Шапошников: Да, это еще один парадокс ее творчества — ведь именно у Цветаевой встречаются очень мощные стихи с поистине мужской лепкой, например, «Молодец», «К Чехии». Но вот что произошло: когда в 1950-е годы с ее наследия сняли запрет, тут же образовалось множество страстных поклонниц, готовых отдать свой голос за то, что Цветаева и есть лучший поэт России. С одной стороны, ее возвели на пьедестал. С другой… Думаю, она не могла бы сказать, как Ахматова, что «научила женщин говорить», но сама ткань ее стихов, глубоко чувственных, срывавших покровы с эротизма и скоротечности земной любви, облекло в словесную форму то, что давно витало в воздухе.

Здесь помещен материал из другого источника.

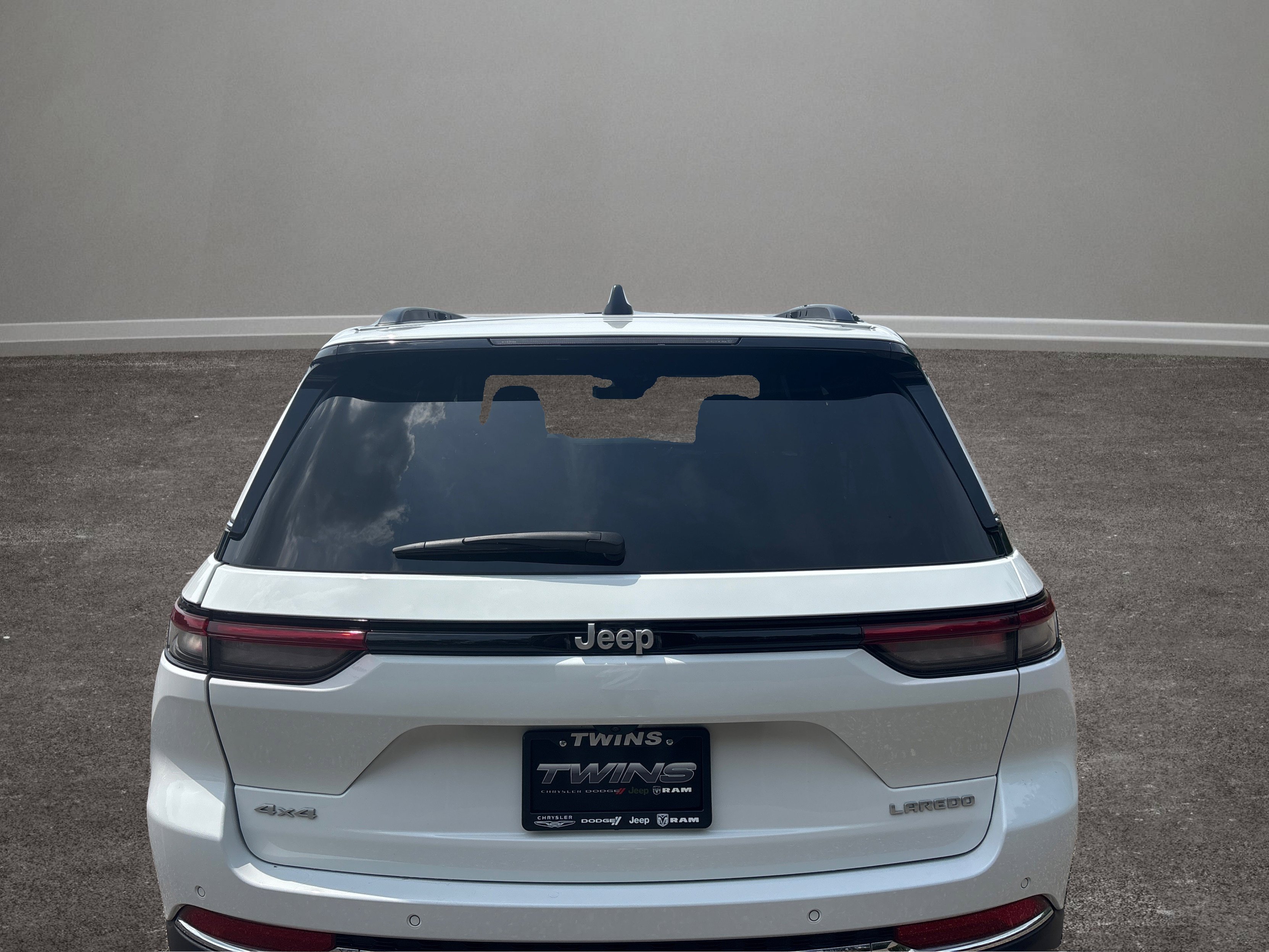 Used 2024 Jeep Grand Cherokee Laredo image 30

Отличительная особенность любовной лирики Марины Ивановны, — опять же роднящая ее с нашими современницами, — в том, что мужчина впервые воспринимается как равный и реальный человек: «гордец и враль», «певец захожий с ресницами нет длинней», «первый Арлекин за жизнь, в которой не счесть — Пьеро». Это не какой-то другой, непостижимый мир, а друг, любовник, приключение. В то же время у нее присутствует тема верности избраннику. В стихах, посвященных Сергею Яковлевичу Эфрону, звучит: «В вечности — жена, не на бумаге». И это не просто слова лирической героини, она идет за ним на верную гибель, когда возвращается из эмиграции. Такие вещи созвучны русскому читателю, в особенности женщинам.

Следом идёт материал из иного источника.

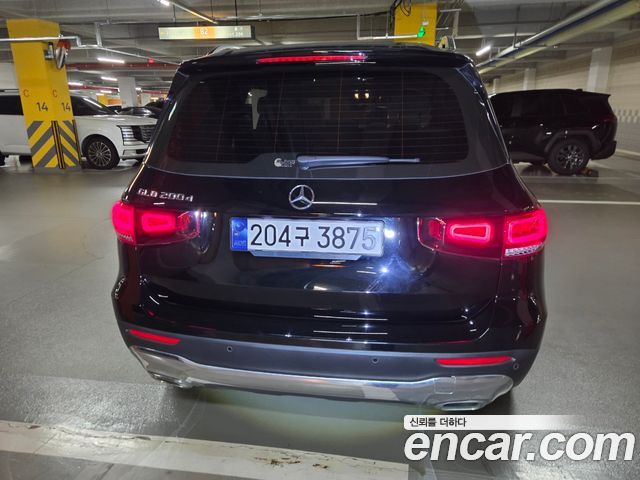Mercedes-Benz GLB-Class 2023 — photo 4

культура: Вы замечали, что когда собираются два цветаевоведа, например, в пространстве одной телестудии, они спорят чуть ли не до драки. Мало того, ведущие не согласны с обоими, а зрители, что явствует из звонков и отзывов на сайте, готовы оппонировать и тем, и другим. Похоже, каждый, кто любит Цветаеву, уверен, что только он один ее понимает, нашел к ней ключ...

Шапошников: Тема интимности, «своеструнности», субъективизма вообще очень характерна для Серебряного века — да и для современной поэзии, которая во многом является его преемницей. Поэзия, как определил этот жанр Баратынский, — «есть полное ощущение известной минуты», и, как вслед за ним сформулировала старшая современница Цветаевой, идеолог русского символизма Зинаида Гиппиус, «отражение мгновенной полноты нашего сердца». Лирика Цветаевой очень чувственна, даже исповедальна, и это становится интимно-близким многим, но по-своему.

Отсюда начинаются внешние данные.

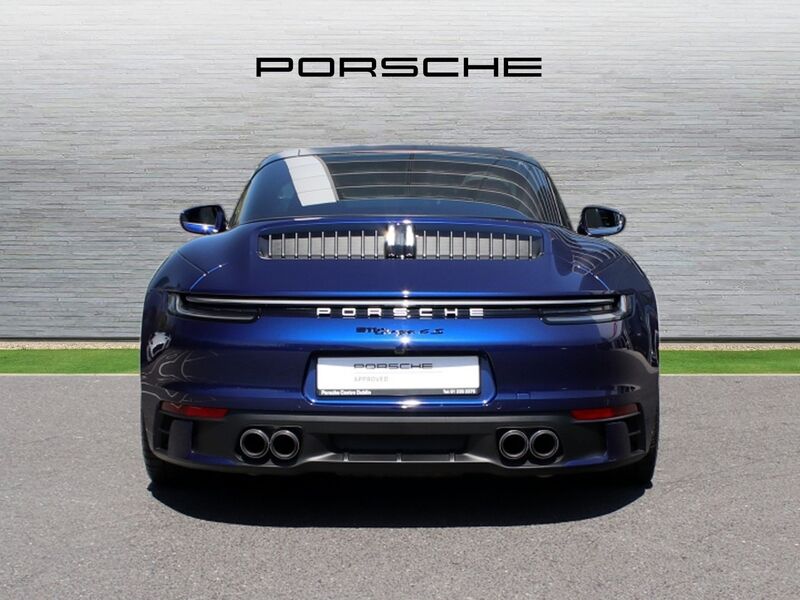 More views of Porsche 911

культура: Говоря о Цветаевой, невозможно не коснуться ее слишком широко известной биографии. Ее романы, отношения с мужем и с детьми все чаще становятся предметом оценочного, морализаторского обсуждения. Может быть, не стоит путать личность поэта и его лирического героя?

Шапошников: Безусловно. Это разные вещи. В случае Марины Цветаевой ее поэзия — это отнюдь не всегда дневник автора. Другое дело, что этот герой не всегда отделим от тех, кому стихи адресованы, и от нее самой. В «Поэме Горы» она делает лирическим героем Родзевича, в стихотворном цикле «Подруга» — это Софья Парнок. Об исповедальности Цветаевой интересно высказался Иосиф Бродский, назвав ее поэзию «кальвинистской» и пояснив, что «кальвинист — это, коротко говоря, человек, постоянно творящий над собой некий вариант Страшного суда».